If you were to do the TDI sequence in order, you would not begin learning any decompression until you reached the third class; with PADI you start that right away.
That seems a bit disingenuous. Intro is not a prerequisite to anything. And, as you yourself observed later, AN and DP are pretty much always taught together. When I took it, Intro was also included as part of the same class. So, in real life, if you go with TDI, you not only start learning about deco in the first class, you are certified for unlimited deco, 100% O2, and 45m/150' depth after that first class.
And, in fact, you can include Helitrox in that class as well(*). I.e. one class that nets you Intro, AN, DP, and Helitrox. So, after your first class you can do unlimited deco, use 100% O2, AND use up to 20% Helium, with a max depth of 45m/150'. My read of the standards is that the required # of dives (6) is the same, whether it's only AN/DP or all 4 things combined. So it is legitimately just one class, too. Not multiple classes simply taught serially.
*as long as you have Nitrox, Advanced with Deep specialty, and 50 dives.
From my perspective from gas management and deco gas management point it's from gas logistics point of view no longer a 1 stage dive. My gas consumption is reasonable but I would need without thinking about min gas almost a full double 80cft set to make that dive... on deco if you account for a lost deco gas scenario (so deco reserves for your buddy) you are cutting it quite slim for that kind of deco time on 1 deco stage.

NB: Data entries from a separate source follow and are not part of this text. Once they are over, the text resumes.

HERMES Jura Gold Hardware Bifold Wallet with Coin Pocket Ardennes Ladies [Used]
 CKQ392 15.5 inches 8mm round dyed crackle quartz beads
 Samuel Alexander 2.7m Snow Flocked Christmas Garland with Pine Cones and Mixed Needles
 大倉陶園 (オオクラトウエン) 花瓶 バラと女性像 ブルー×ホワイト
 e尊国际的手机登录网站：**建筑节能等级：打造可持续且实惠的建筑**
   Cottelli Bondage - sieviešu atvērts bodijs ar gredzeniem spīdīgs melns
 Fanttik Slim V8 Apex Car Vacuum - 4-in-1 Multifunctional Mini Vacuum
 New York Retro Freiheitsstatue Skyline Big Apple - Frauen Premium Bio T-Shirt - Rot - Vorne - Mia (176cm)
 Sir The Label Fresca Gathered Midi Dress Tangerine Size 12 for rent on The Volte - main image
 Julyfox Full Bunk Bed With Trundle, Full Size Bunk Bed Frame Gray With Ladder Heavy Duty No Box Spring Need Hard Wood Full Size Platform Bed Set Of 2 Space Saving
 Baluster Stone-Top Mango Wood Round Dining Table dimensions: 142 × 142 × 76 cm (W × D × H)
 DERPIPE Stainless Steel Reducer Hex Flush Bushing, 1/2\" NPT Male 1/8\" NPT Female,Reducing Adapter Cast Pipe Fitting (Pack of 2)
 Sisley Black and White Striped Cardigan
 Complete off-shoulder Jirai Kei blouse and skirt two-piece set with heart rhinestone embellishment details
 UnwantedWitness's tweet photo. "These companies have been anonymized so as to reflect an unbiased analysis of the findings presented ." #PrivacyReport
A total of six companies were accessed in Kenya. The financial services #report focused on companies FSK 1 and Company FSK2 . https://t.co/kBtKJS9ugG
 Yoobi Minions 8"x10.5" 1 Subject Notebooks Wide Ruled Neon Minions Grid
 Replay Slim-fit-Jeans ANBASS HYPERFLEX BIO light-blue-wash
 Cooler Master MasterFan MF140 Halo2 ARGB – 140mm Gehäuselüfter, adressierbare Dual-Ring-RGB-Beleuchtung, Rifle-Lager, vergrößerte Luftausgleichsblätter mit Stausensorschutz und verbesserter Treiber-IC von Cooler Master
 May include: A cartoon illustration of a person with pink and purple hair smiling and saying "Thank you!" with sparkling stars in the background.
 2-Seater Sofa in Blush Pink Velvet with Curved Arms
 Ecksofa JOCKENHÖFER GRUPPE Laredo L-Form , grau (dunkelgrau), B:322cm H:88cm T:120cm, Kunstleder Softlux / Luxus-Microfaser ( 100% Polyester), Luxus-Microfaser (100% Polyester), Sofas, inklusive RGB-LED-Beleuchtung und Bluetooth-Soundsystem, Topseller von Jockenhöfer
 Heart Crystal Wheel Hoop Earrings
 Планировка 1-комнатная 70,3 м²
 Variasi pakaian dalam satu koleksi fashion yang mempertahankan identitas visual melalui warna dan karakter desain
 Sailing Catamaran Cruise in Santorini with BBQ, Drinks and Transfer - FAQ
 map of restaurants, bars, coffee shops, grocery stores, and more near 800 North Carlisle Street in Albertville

So while I obviously don't know all the details of your dive... I don't think it's a great example to make because more prudent divers would probably calculate that dive as a multi stage dive, which is definitely not TDI AN/DP curriculum. *
PS: I did a TDI AN class in 2006, and at least at that time it definitely was limited deco on a deco gas (remember 15 minutes of accelerated deco).
For the record, that dive was me with double 120s and my buddy with double 100s. So, ample back gas. We each had an AL80 of EAN80 for deco. Per our training (my buddy was trained by the same instructor as I was), we planned our deco gas using conservative SAC rates and such that each of us needed well less than half the cylinder of deco gas we were carrying. So, if I lost my deco gas, he would share his and vice versa. We both felt like we were being reasonably conservative (no, not super conservative - we didn't feel like the anticipated dive conditions warranted being super conservative - warm water, decent viz, little current, no penetration, not a huge wreck site) in our gas planning and that we would have no problem accommodating a scenario where either one of us lost our deco gas. We had enough back gas in reserve that either one of us could have finished deco (on 80%) left the other breathing back gas, gone up to the boat, retrieved another cylinder of 80% (of which we had 3 extra 40s, in addition to the 80 we were each carrying), and brought it back down. But, since we were both carrying more than twice what either of us needed, that was an extremely remote possibility. And, in fact, we both got out with WELL over half our deco gas remaining. The only way we would have needed help from someone else is if we both lost our deco gas (or both lost our back gas).
I don't think our plan was imprudent. I do agree it would have had a shorter runtime if we had been able to employ 2 deco gases. But, neither of us were trained for that, so we maximized the usage of our training without exceeding it. Also, as I said, AN/DP standards do allow for the instructor to teach use of multiple deco gases. Our instructor simply chooses not to.
When you did TDI AN, did you also do TDI DP? Regardless, it does sound like the curriculum and standards have changed sometime in the last 11 years. I guess that's to be expected.